Malam demi malam, suara tembakan terdengar di daerah kumuh. Kisah-kisah itu juga dimulai dari hal biasa. Aku terbangun, kata kekasih seseorang, dan dia tidak ada di sampingku. Saya sedang mandi, kata ibu seseorang, ketika saya mendengar teriakan itu. Saya sedang berada di rumah, kata putri seseorang, ketika polisi mendobrak pintu dan menembak ayah saya. Saya menuliskan apa yang saya bisa, dan meskipun ada banyak orang yang berduka, ada juga banyak orang yang membaca tentang orang mati dan mengatakan lebih banyak lagi yang harus mati.

Seperti di atas, demikian pula di bawah. Tiga puluh dua orang ditembak mati di satu provinsi dalam satu malam, sungguh indah, kata Presiden.

Kami terus melaporkan. Lisensi kami telah dikompromikan. Banyak pengiklan yang menghilang. Wartawan dilarang masuk istana, dan beberapa eksekutif senior secara sukarela menerima pemotongan gaji agar lampu tetap menyala. Pahami bahwa Rappler tidak sendirian dalam korupsi atau korupsi kebrutalan perang narkoba. Mereka juga bukan satu-satunya kantor berita yang terancam. Jurnalisme adalah sebuah tradisi, dan garis yang dipegang Rappler dibuat bertahun-tahun yang lalu oleh pria dan wanita yang menginjakkan kaki mereka di barikade dan tidak berkata apa-apa lagi. Ketika kebrutalan menjadi hal yang lumrah, maka perlawanan menjadi hal biasa dalam jurnalisme sehari-hari.

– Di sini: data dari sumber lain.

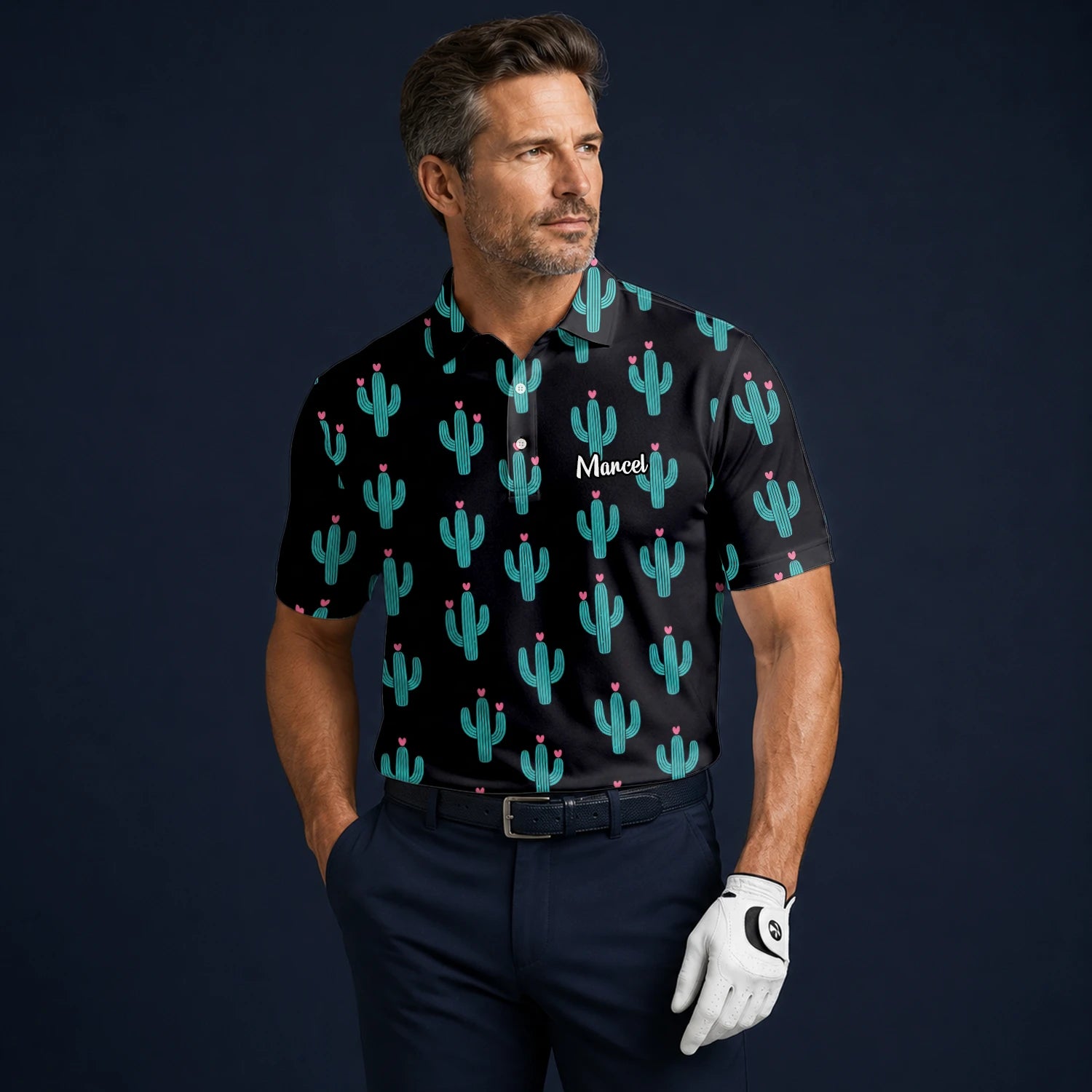 Personalised Black Turquoise Cactus Heart Golf Polo Shirt For Men L0709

TIM SATU ORANG. Pada rapat umum anti korupsi di Manila pada tahun 2013. Foto oleh Luis Liwanag

Sudah lebih dari setahun sejak saya terakhir menerbitkannya di bawah Rappler. Saya pergi dengan kesadaran bahwa bekerja untuk Rappler memiliki kualitas permanen yang sama dengan menikah di Filipina – perceraian tidak diperbolehkan, perpisahan tidak diperbolehkan. Saya menulis ini sekarang karena saya Karyawan no. 6 telah dan diperkirakan akan bertahan lama setelah saya menutup kredensial pers saya. Menurutku warna oranyenya masih terlalu terang. Saya masih bersikeras menggunakan Premiere Pro daripada Final Cut. Saya masih tidak percaya bahwa media sosial akan membuat dunia menjadi tempat yang lebih baik, namun saya yakin bahwa catatan yang kita simpan akan berarti, meskipun hanya sebagai kenangan atas kehilangan yang kita alami.

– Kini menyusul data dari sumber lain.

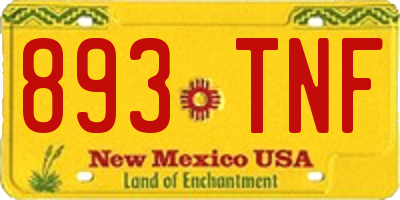 NM license plate 893TNF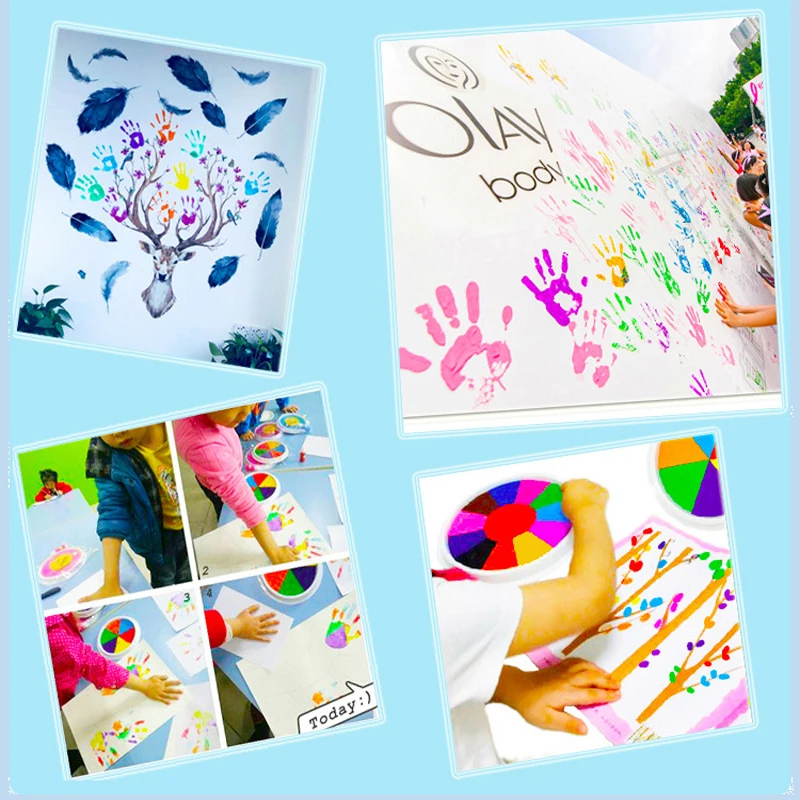 Забавные 6 цветов чернила прокладка для печати DIY Пальчиковые краски Craft Scrapbooking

Di sini adalah Danica Maesemuanya berusia 5 tahun, yang terkena peluru yang ditujukan untuk kakeknya, dan Charlie yang berusia 16 tahun, yang ibunya berusaha menjaganya tetap aman. Semua hari-hari mereka dimulai dengan normal, dan kemudian terjadi tembakan.

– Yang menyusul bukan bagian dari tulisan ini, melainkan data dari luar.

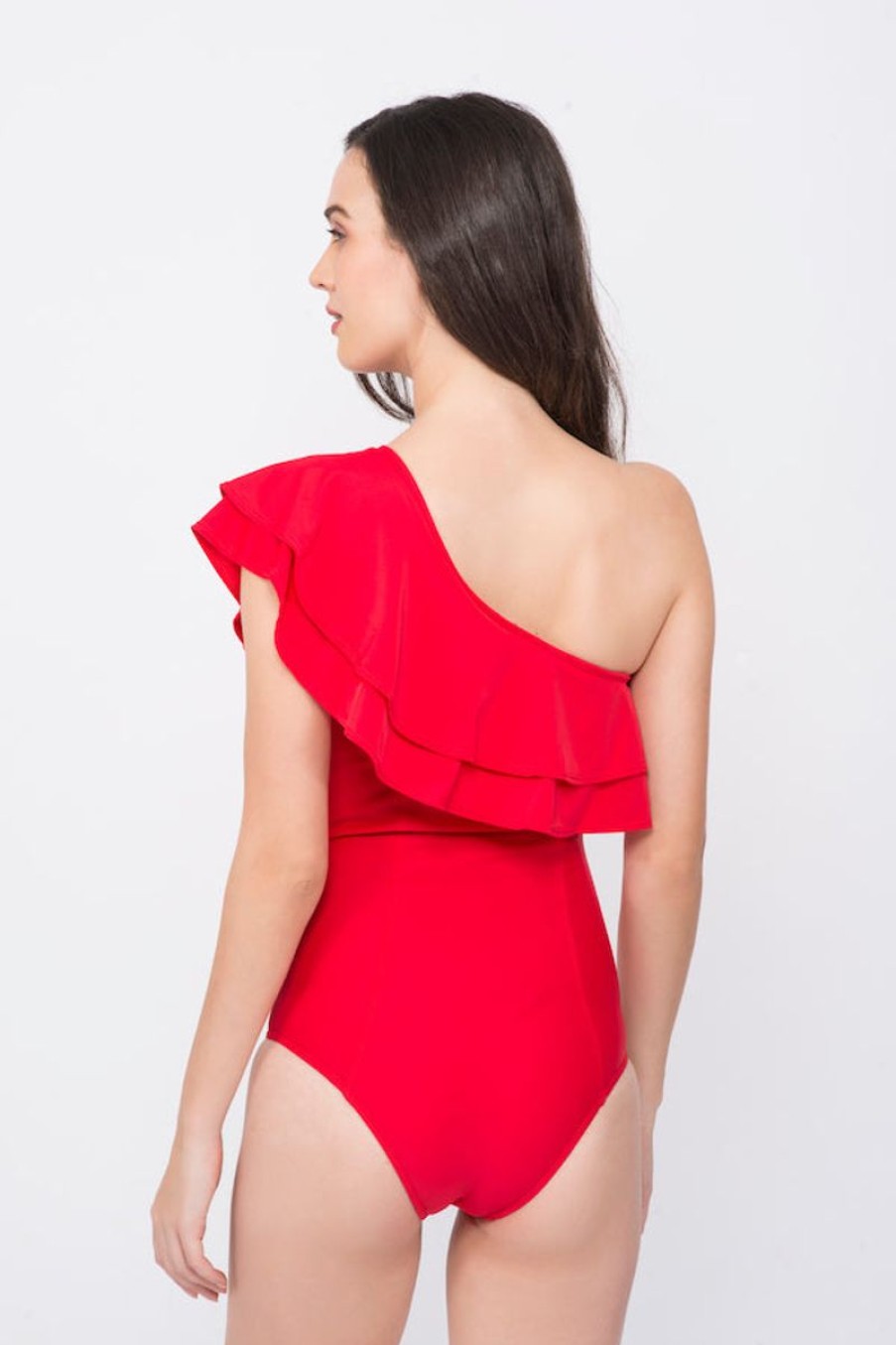 Women Kai Resortwear Swimwear | Ruffle Senora One Shoulder Swimsuit Red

Inilah hal yang nyata. Ketika mereka meninggal, itu tidak bagus. – Rappler.com

Catatan Editor: Patricia Evangelista adalah reporter investigasi untuk Rappler. Dia sedang mengambil cuti panjang untuk menulis buku dan diharapkan kembali bertugas aktif ketika dia memenuhi jumlah kata-katanya. Kami berharap dia menemukan jalan ke kantor.